W3C home > Mailing lists > Public > html-tidy@w3.org > January to March 2002

Re: new to jTidy, need help urgently

From: Richard A. O'Keefe <ok@cs.otago.ac.nz>
Date: Mon, 4 Mar 2002 14:47:48 +1300 (NZDT)
Message-Id: <200203040147.OAA125085@atlas.otago.ac.nz>
To: html-tidy@w3.org, qpoint@bigfoot.com
"Raymond Tan" <qpoint@bigfoot.com> wrote:
	Hello everyone.=20 I am new to jTidy.  I am using jTidy to
	convert parse a HTML from a URL = to XML.  but I am getting a
	lot of errors.  I urgently need this function = for my school
	project.  Appreciate any help rendered!=20
	
You don't show us the page you are converting.

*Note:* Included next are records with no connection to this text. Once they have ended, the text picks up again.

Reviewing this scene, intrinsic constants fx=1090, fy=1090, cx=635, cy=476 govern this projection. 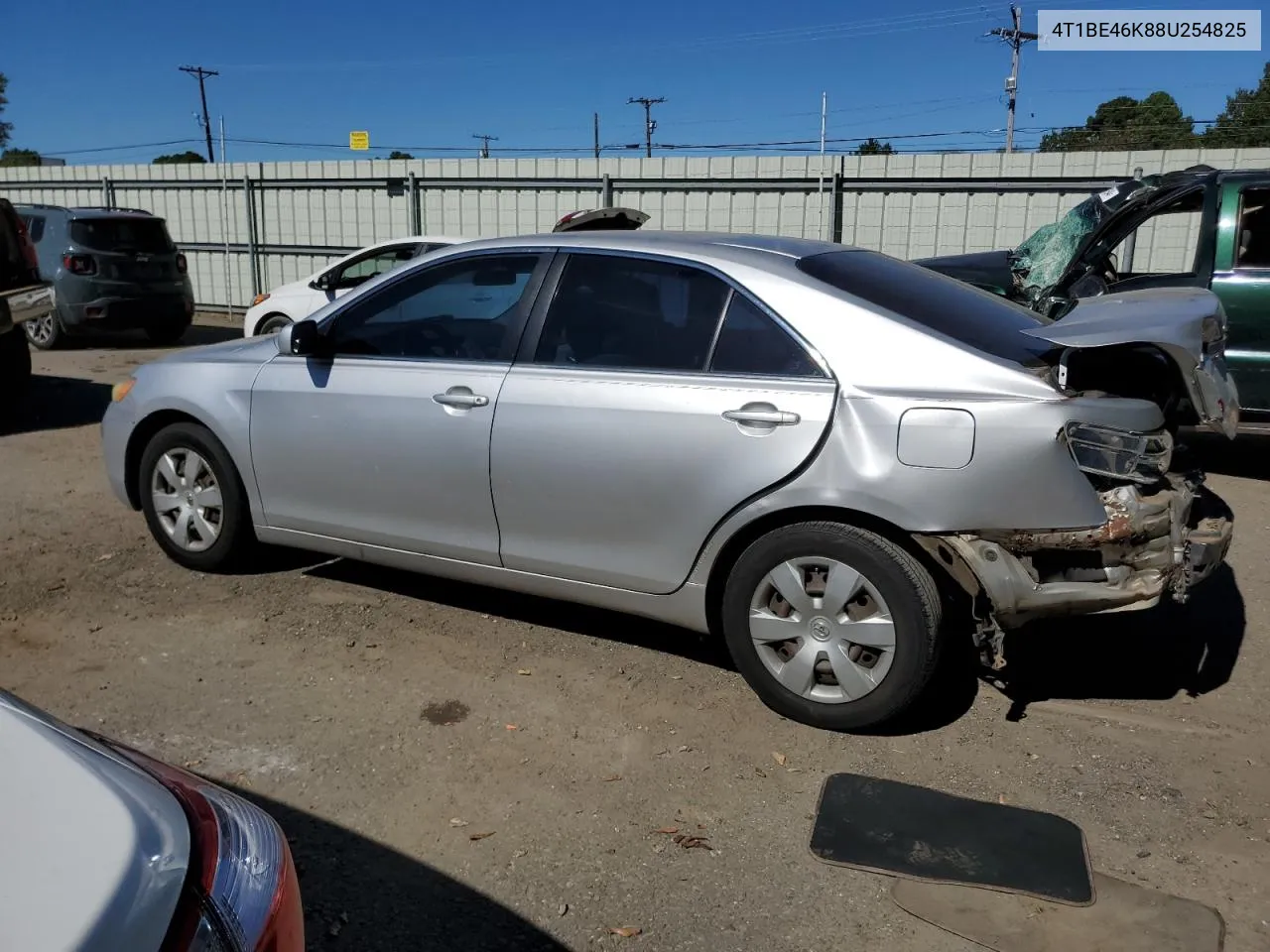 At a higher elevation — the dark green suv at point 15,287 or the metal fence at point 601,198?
the metal fence at point 601,198

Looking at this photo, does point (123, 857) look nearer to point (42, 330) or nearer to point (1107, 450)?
point (1107, 450)

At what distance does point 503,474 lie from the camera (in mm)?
4172

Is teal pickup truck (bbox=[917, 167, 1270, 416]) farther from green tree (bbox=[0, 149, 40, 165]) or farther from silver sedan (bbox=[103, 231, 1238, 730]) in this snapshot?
green tree (bbox=[0, 149, 40, 165])

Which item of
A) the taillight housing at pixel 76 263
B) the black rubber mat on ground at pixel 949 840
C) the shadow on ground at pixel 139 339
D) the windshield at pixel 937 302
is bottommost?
the black rubber mat on ground at pixel 949 840

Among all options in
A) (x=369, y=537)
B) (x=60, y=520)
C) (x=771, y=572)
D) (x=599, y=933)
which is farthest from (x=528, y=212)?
(x=599, y=933)

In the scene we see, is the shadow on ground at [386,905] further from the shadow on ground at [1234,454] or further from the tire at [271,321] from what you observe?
the tire at [271,321]

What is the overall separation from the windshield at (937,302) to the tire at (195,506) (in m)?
2.80

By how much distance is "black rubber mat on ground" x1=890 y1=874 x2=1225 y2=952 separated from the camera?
2.76 meters

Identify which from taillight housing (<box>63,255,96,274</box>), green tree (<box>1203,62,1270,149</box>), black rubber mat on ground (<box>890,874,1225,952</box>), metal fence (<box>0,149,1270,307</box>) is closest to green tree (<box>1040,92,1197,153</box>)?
green tree (<box>1203,62,1270,149</box>)

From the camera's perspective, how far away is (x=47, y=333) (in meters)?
13.4

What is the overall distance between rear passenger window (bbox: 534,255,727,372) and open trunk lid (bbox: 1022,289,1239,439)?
115cm

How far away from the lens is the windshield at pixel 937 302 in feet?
12.2

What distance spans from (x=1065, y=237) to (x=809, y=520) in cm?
502

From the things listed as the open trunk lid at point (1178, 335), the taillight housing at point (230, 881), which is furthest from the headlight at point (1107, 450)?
the taillight housing at point (230, 881) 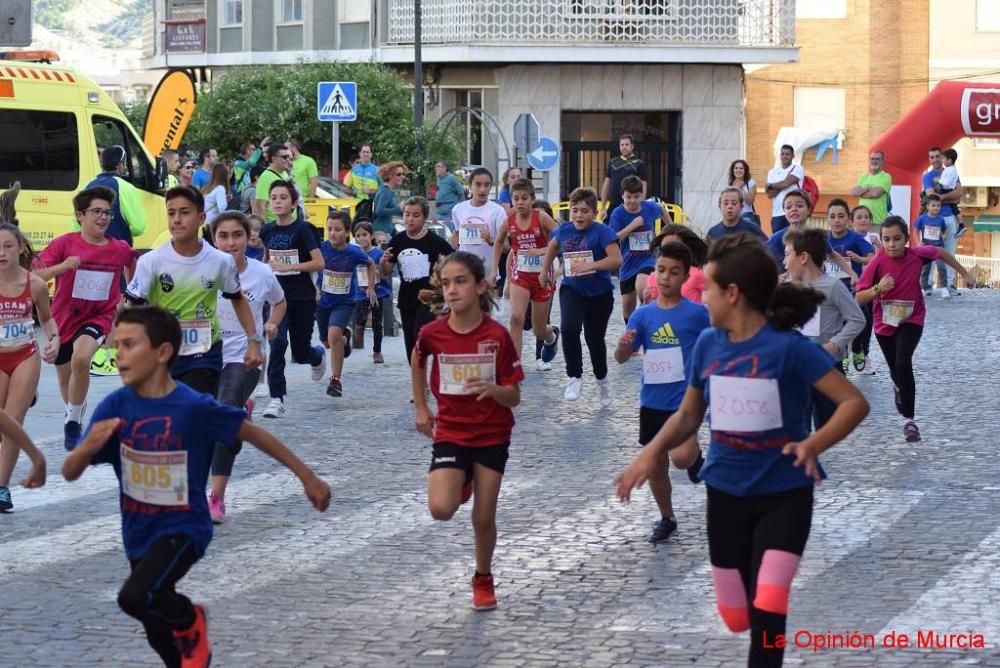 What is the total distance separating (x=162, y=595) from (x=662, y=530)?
3749 mm

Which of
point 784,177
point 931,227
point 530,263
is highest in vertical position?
point 784,177

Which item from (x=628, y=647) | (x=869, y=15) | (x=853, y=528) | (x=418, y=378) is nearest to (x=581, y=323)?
(x=853, y=528)

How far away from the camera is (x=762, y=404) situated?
19.6ft

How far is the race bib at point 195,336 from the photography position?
958 cm

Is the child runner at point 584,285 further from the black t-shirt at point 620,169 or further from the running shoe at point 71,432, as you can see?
the black t-shirt at point 620,169

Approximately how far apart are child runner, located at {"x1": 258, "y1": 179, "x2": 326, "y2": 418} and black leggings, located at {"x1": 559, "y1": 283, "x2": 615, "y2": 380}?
79.7 inches

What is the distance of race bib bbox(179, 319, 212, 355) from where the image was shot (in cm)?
958

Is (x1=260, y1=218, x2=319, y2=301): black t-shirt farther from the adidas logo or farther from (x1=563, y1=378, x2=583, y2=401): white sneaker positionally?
the adidas logo

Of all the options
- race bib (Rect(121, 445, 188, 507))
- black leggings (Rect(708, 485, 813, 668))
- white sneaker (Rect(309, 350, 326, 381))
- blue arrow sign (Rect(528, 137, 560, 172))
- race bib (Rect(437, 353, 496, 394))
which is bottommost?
white sneaker (Rect(309, 350, 326, 381))

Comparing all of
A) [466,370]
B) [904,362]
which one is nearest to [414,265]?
[904,362]

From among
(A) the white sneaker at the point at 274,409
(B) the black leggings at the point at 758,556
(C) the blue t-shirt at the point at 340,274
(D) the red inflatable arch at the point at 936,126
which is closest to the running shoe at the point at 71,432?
(A) the white sneaker at the point at 274,409

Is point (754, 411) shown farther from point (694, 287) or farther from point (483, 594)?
point (694, 287)

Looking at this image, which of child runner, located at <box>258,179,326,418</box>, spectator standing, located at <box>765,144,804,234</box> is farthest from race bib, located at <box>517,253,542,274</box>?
spectator standing, located at <box>765,144,804,234</box>

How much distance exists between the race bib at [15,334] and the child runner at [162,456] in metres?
4.17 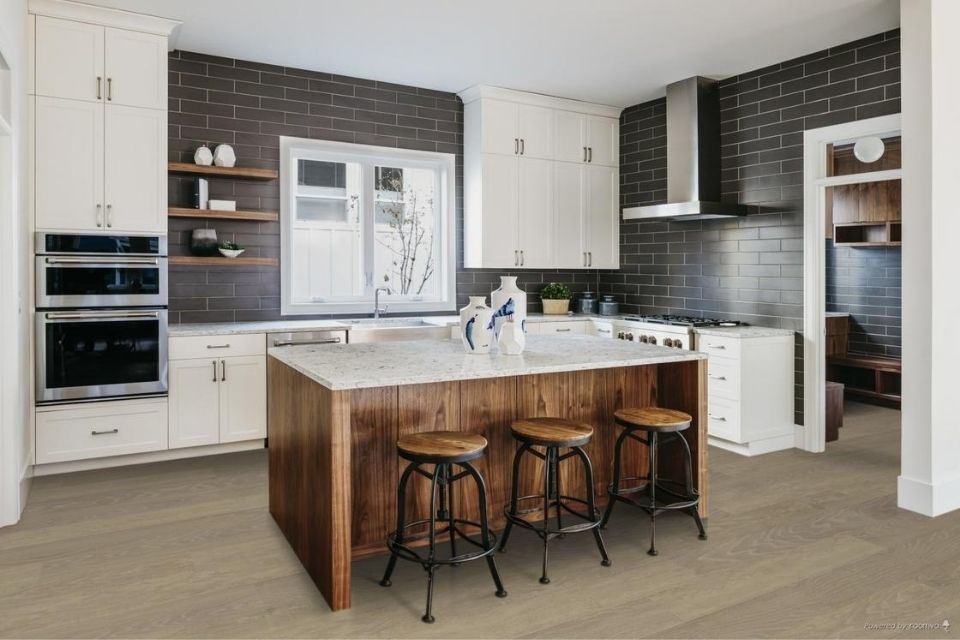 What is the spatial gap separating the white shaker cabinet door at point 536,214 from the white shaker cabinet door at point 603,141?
1.79 ft

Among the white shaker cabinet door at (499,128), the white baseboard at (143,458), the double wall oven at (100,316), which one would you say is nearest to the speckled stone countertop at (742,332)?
the white shaker cabinet door at (499,128)

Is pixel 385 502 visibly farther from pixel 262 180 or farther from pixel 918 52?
pixel 918 52

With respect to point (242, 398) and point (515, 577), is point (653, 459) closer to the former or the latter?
point (515, 577)

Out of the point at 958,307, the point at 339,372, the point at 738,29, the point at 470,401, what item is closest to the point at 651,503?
the point at 470,401

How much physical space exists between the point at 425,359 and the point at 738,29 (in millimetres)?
3122

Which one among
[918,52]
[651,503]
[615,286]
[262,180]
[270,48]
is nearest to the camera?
[651,503]

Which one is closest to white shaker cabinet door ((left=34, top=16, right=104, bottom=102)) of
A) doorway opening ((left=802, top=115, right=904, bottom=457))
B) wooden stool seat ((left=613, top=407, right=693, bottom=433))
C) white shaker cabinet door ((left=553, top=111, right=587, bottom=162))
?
white shaker cabinet door ((left=553, top=111, right=587, bottom=162))

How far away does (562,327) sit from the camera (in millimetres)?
5789

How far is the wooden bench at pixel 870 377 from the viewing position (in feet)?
20.9

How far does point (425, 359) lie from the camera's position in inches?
116

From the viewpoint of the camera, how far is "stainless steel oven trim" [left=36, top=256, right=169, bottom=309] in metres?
3.87

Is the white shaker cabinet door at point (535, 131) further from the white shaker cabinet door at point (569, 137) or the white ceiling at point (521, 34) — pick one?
the white ceiling at point (521, 34)

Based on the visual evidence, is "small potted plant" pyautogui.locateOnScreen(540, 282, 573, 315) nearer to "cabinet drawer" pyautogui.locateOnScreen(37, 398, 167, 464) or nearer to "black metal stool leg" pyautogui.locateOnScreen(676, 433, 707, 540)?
"black metal stool leg" pyautogui.locateOnScreen(676, 433, 707, 540)

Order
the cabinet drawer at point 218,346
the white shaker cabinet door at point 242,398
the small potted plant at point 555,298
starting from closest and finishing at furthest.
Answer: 1. the cabinet drawer at point 218,346
2. the white shaker cabinet door at point 242,398
3. the small potted plant at point 555,298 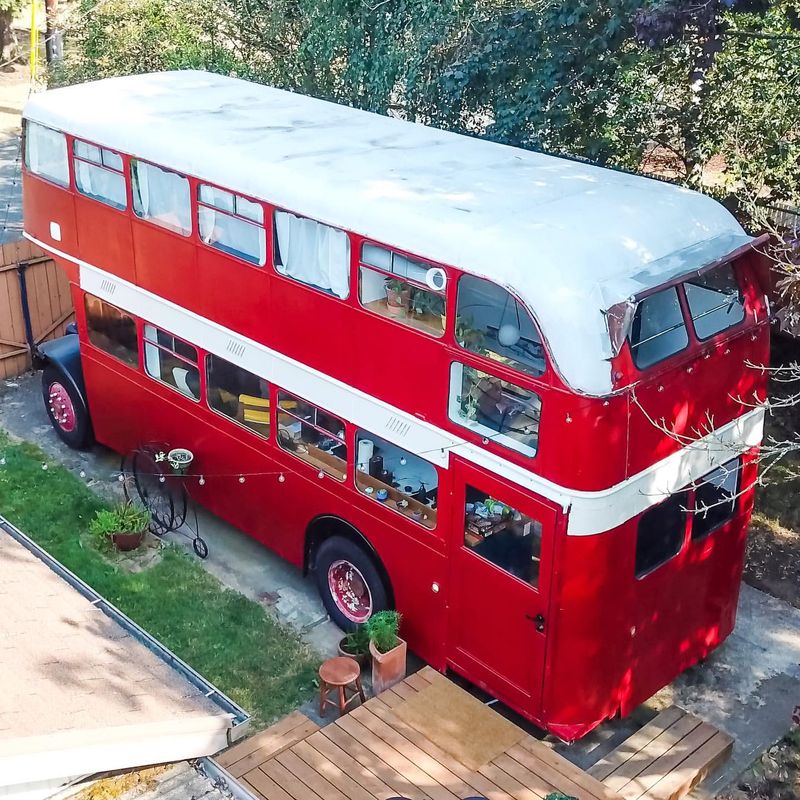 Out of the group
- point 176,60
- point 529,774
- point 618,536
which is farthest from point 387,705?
point 176,60

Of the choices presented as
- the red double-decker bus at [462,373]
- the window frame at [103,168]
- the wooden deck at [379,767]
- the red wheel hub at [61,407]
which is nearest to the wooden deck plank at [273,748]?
the wooden deck at [379,767]

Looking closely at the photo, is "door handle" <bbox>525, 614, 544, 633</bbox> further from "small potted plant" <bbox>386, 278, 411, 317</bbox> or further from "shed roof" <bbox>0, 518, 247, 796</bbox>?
→ "shed roof" <bbox>0, 518, 247, 796</bbox>

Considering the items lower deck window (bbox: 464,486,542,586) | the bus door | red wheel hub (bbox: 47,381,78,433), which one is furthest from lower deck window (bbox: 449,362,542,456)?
red wheel hub (bbox: 47,381,78,433)

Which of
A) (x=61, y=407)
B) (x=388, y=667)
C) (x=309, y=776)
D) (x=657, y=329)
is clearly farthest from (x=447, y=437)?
(x=61, y=407)

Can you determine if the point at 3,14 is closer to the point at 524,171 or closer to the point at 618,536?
the point at 524,171

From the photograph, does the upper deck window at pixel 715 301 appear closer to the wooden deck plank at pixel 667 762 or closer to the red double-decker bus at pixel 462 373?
the red double-decker bus at pixel 462 373

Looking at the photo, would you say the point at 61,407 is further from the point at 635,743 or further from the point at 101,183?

	the following are the generated error log from jTidy.=20
	
	Tidy (vers 4th August 2000) Parsing "InputStream"=20
	line 11 column 1 - Warning: <style> isn't allowed in <html> elements=20

This means you have
    <html>
      <style> ... </style>
      <head> ... </head>
      <body> ... </body>
    </html>
but <style> is NOT ALLOWED as a child of <html>.  Instead you should have
    <html>
      <head>
        <style> ... </style>
        ...
      </head>
      <body> ... </body>
    </html>
If you don't have an explicit <head> element, better put one in.
<head> is where <style>, <meta>, <link>, <title>, and a few
other things can go.

	line 56 column 1 - Warning: <table> lacks "summary" attribute=20

What it says:  each <table> element should have a summary="text" attribute
saying what the table is about.

	line 67 column 1 - Warning: <div> isn't allowed in <table> elements=20

What it says:  <div> is NOT allowed inside a <table>.
<table> may contain these and ONLY these:
 <caption>	- a label for the whole table
 <col>		- a way of specifying attributes for an entire column
 <colgroup>	- a way of specifying attributes for a group of columns
 <thead>	- a group of rows to appear at the front, and if the table
		  is split across pages, at the top of each following part
		  of the table
 <tfoot>	- a group of rows to appear at the end, and if the table
		  is split across pages, at the foot of each preceding part
		  of the table
 <tbody>	- a group of rows, not to be repeated.  The main part of the
		  table.
 <tr>		- a single row.
No other elements whatsoever are allowed as direct children of a <table>
element, they would make no sense at all.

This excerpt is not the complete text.